I had to think about this today while taking my morning constitutional around the soccer field. There was this chocolate brown lab, delicious and pudgy, prancing around the field, playing fetch with its owner. When I passed close by, he trotted over, tail wagging furiously. I had to stop, put out my fist and give it some loving. "Aren't you gorgeous?" I crooned. "Thank you," his owner said graciously, as if she had been in any way responsible for the dog's beauty. 

Then I continued talking to that lovely furry face. "You are so beautiful! You need the exercise, don't you?" Catching a glance at the owner's face, I saw she was no longer looking pleased. In fact, her gracious smile was gone. She whistled, and the dog obediently followed her out of the park. 

As I continued walking, I was conscious of committing a social solecism. In all fairness, I hadn't meant to be critical of the dog's pudginess. I was, in some oblique way, saying that it was okay for the dog to be running around the field, that I wasn't going to cite Section 3.2a of the city code about unleashed dogs. Okay, I was also saying that the dog, although cute, definitely needed the run, and what was an owner to do? The neighborhood dog park was often populated with unfriendly, aggressive dogs, and if your dog was naturally a mellow, comfortably plump fellow, the soccer field in the wee morning hours was the only way to go. So I was being sympathetic to the owner's plight. 

I thought some more. 

It wasn't like the dog was a baby, right? I don't think anyone can get away with calling out a baby in front of a parent as being too plump. "You need to get out of the stroller more often, little guy," I wasn't going to say. Even if I were alone with a baby, I wouldn't think of being anything but complimentary. "Who's a cutie?" I would exclaim. Anything else, and the baby might absorb your words like osmosis and have self-esteem issues later in life. And who would be to blame for that but some random stranger at the park? 

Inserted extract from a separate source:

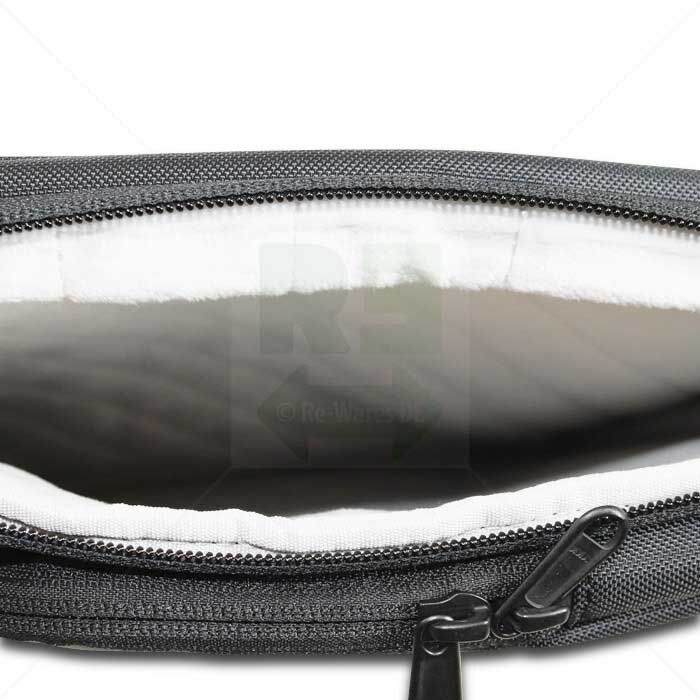 Laptoptasche tomtoc 360° Rundumschutz Wasserabweisend schwarz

Do dogs feel the same? What about cats? Or are we reaching some new extreme of anthropomorphizing pets? 

There are folks who take the dog-owning thing as equivalent to parenting. "My kids have four paws!" exclaim decals on many a vehicle. "We don't have kids, but we have 2 dogs and a cat," they say at parties. As if that's plenty, thank you very much, we can't possibly have human kids when we have animal kids, and what's the difference any way. 

Thinking this through, I concluded that I could have been more tactful this morning. I phrased it badly. I should have something innocuous to Yummy Lab like, "It's a good day for a run, isn't it?" Something I would say to a human, in passing. Only the human would be running too fast to hear me. But that's another story.